Given material:

*** Block opens ***

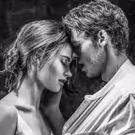 Full Cast Announced for Kenneth Branagh Theatre Company's ROMEO AND JULIET with Lily…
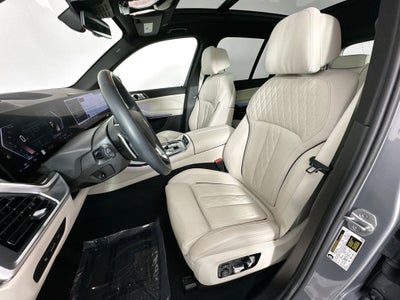 2025 BMW X5 sDrive40i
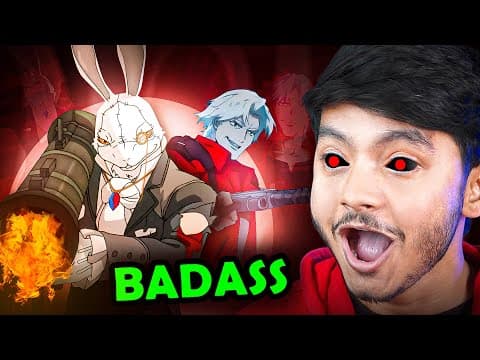 What Anime Is This???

*** Block closes ***

What to do: Print the material in full and exactly; the pictures must not be printed.

Reply to the task:
 Full Cast Announced for Kenneth Branagh Theatre Company's ROMEO AND JULIET with Lily…
 2025 BMW X5 sDrive40i
 What Anime Is This???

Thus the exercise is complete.